TASK INPUT:

- - - -

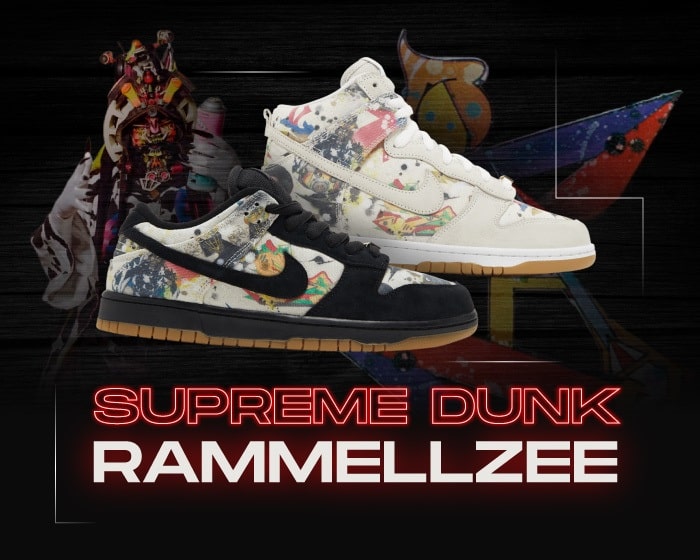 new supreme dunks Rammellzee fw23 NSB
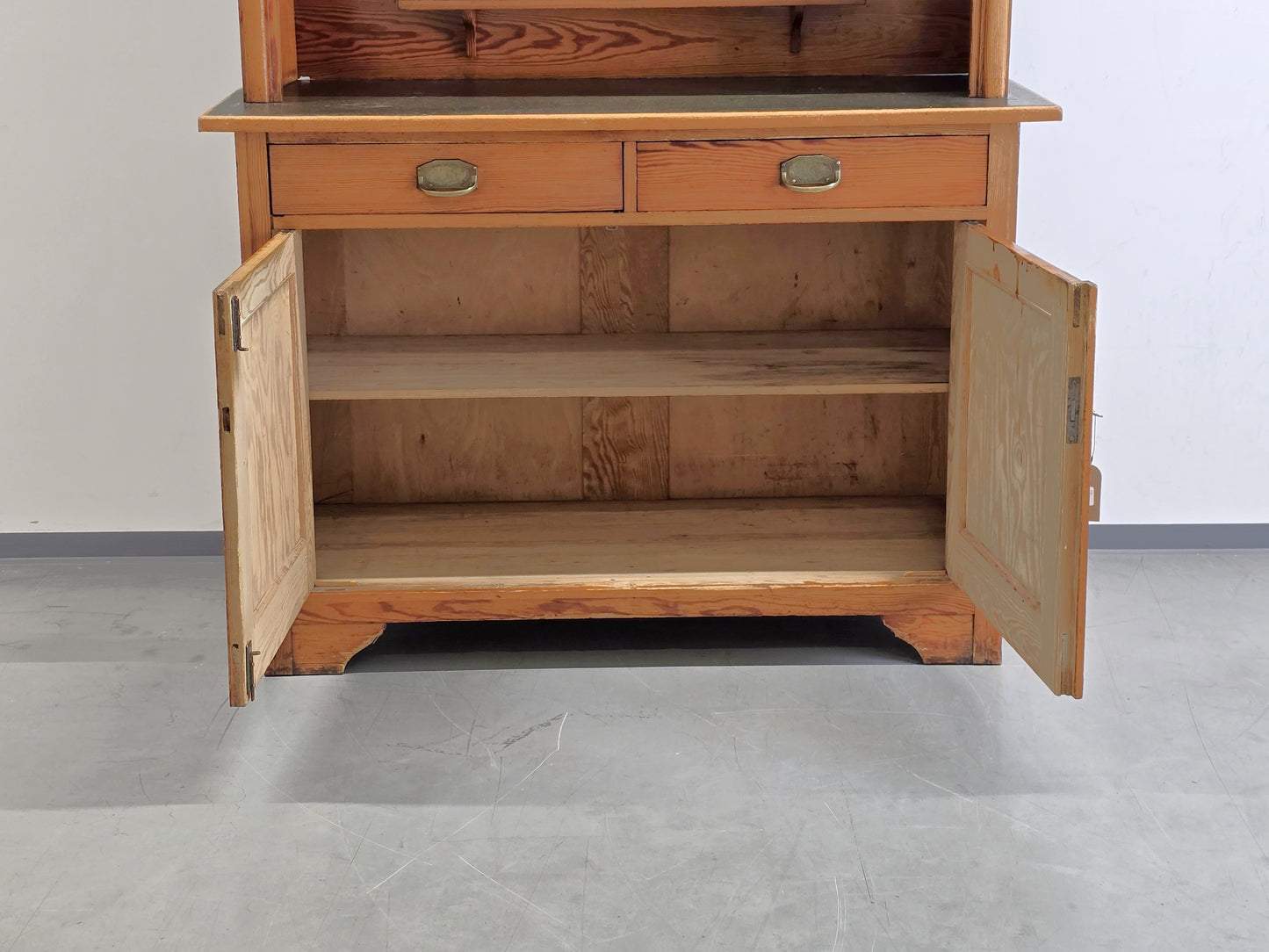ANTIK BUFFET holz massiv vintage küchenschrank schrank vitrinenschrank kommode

- - - -

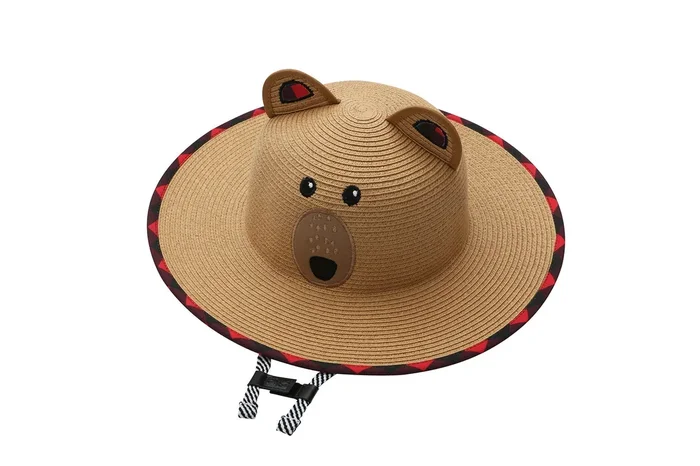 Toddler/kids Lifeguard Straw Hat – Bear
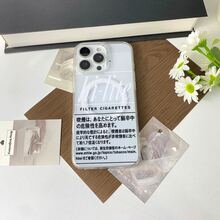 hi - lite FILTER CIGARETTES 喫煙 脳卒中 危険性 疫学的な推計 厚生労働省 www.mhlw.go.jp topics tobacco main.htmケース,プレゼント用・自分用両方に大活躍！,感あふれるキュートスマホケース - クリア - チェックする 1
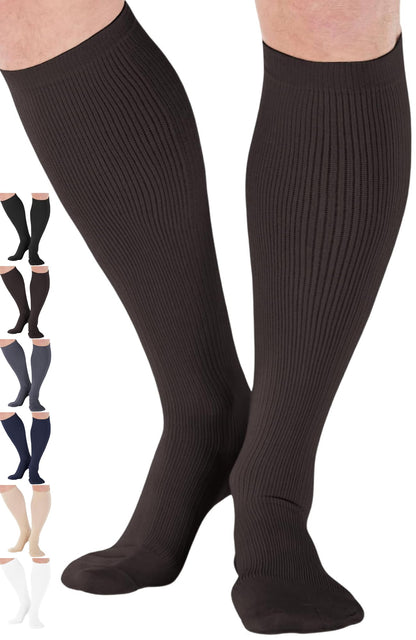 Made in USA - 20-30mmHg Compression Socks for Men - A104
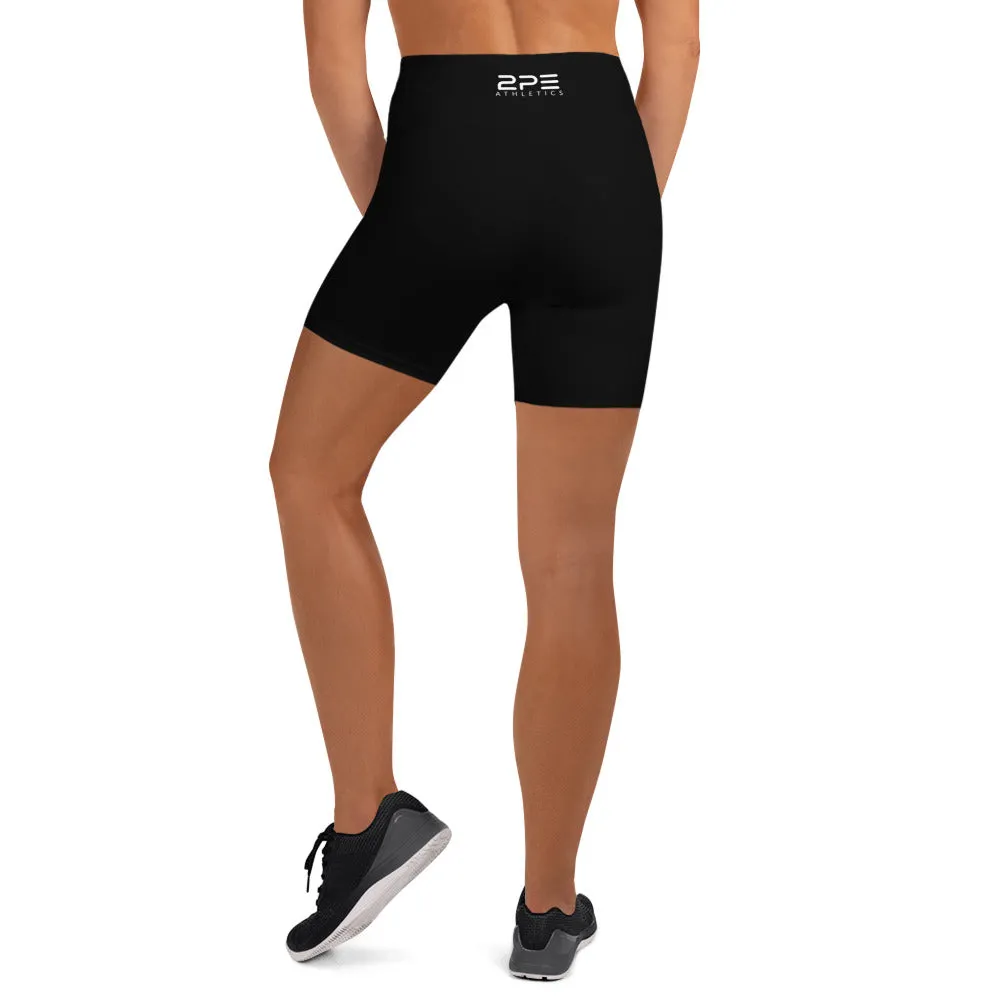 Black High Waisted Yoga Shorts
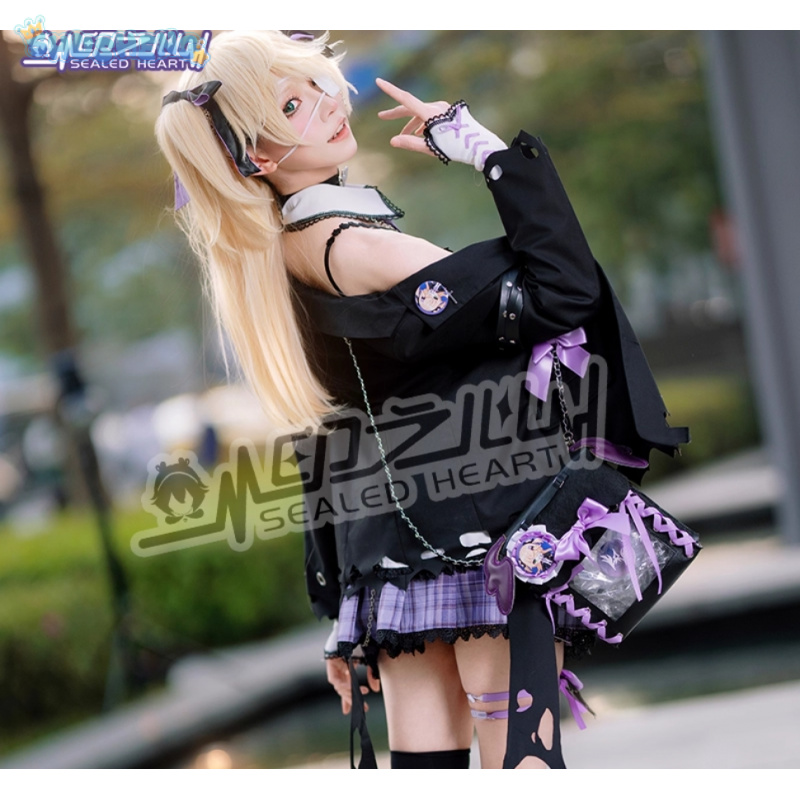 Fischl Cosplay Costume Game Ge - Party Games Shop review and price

- - - -

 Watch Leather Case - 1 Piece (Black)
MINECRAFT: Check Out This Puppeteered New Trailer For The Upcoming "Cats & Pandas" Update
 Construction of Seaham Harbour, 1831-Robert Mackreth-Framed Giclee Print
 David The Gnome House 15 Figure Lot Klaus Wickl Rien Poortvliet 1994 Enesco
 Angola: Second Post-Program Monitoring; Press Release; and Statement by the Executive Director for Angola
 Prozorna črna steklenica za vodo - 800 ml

- - - -

WORK REQUEST: Keep to the stretch from the line containing "new supreme dunks Rammellzee fw23 NSB" through the line containing "ANTIK BUFFET holz", both ends included, and copy it exactly from the listing above, minus the pictures.

RESPONSE BOX:
 new supreme dunks Rammellzee fw23 NSB
ANTIK BUFFET holz massiv vintage küchenschrank schrank vitrinenschrank kommode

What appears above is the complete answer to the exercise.